Testemunhos de fé e perseverança dos primeiros membros da IURD
A
enfermeira aposentada Joyce Clarke Everett, de 80 anos, chegou à Igreja
Universal com a família destruída e não sabia como superar todos os
problemas que tinha. Os dramas existenciais faziam com que fosse uma
mulher amargurada. "Eu tinha três filhos: o do meio morreu por causa de
uma doença incurável para a medicina. Meu filho mais velho, na
adolescência, se envolveu com drogas, e minha filha mais nova estava
sempre doente", disse a enfermeira.
Resignada com a
vida que levava, não acreditava que fosse possível mudar aquela
situação. Para ela, aquele sofrimento era normal. "Achava que tinha que
suportar todas as dificuldades, inclusive tive câncer de mama. Um dia,
eu estava assistindo ao programa ‘O Despertar da Fe’, de madrugada. Vi
os depoimentos de vidas transformadas na IURD. Fiquei realmente
impressionada de como Deus mudara a vida daqueles que estavam sofrendo,
então resolvi ir à Igreja", relatou.
A enfermeira
passou a exercitar a fé, fazia o que estava sendo orientado. "Hoje, eu e
minha filha estamos curadas.

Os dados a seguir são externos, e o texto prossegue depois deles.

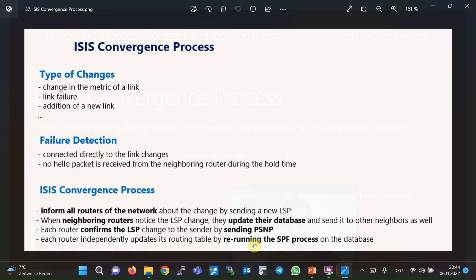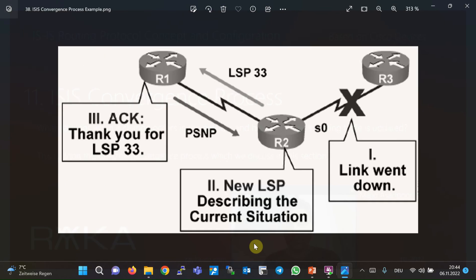In this figure, router R2 notices that the link connected to router R3 is down. Router R2 sends a new LSP indicating the change, and router R1 confirms the receipt of the new LSP by sending a PSNP. Router R8 updates the routing table by updating the database and rerunning the SPF process. This is a small example of how the convergence process works in ISIS routing protocol.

Meu filho foi liberto das drogas. A Igreja
Universal para mim foi e é como um salva-vidas. Eu queria me matar, e
as portas da Igreja sempre estiveram abertas para mim. Eu estou muito
agradecida por toda a paz, a alegria e a certeza da minha salvação".
"IURD é o antes e depois"
"Antes
de conhecer a Igreja Universal, eu tinha medo, doenças, minha vida era
destruída. Devido a um problema de saúde, tive um infarto e acabei
perdendo o trabalho, cheguei ao fundo do poço. Tinha também dívidas e o
desemprego afetou a minha família. Havia muitas brigas, não nos
entendíamos", relata a veterinária Natalia Irenkova Sergeevna, de 62
anos.
Nessa época, uma conhecida a convidou para participar de uma reunião na IURD. Ela aceitou e sua vida começou a mudar.
"Quando
cheguei à Igreja, estava determinada a mudar, e realmente fui liberta
depois de anos de sofrimento. Obtive a minha cura, minha família foi
restaurada e hoje sou realizada, pois tenho comigo o Senhor Jesus", diz.
Segundo
Natalia, foi na Igreja Universal do Reino de Deus que ela aprendeu a
lutar contra todos os problemas. "Aprendi a usar a minha fé e seguir em
frente. A IURD é um marco, o antes e o depois."
A virada
"Tinha
problemas com minha família, era infeliz, bebia e fumava muito. Por
conta disso, minha vida era um verdadeiro inferno. Busquei ajuda em
vários lugares, mas nada resolvia os meus dramas. Passei a participar
das correntes da Igreja Universal e então tudo começou a mudar.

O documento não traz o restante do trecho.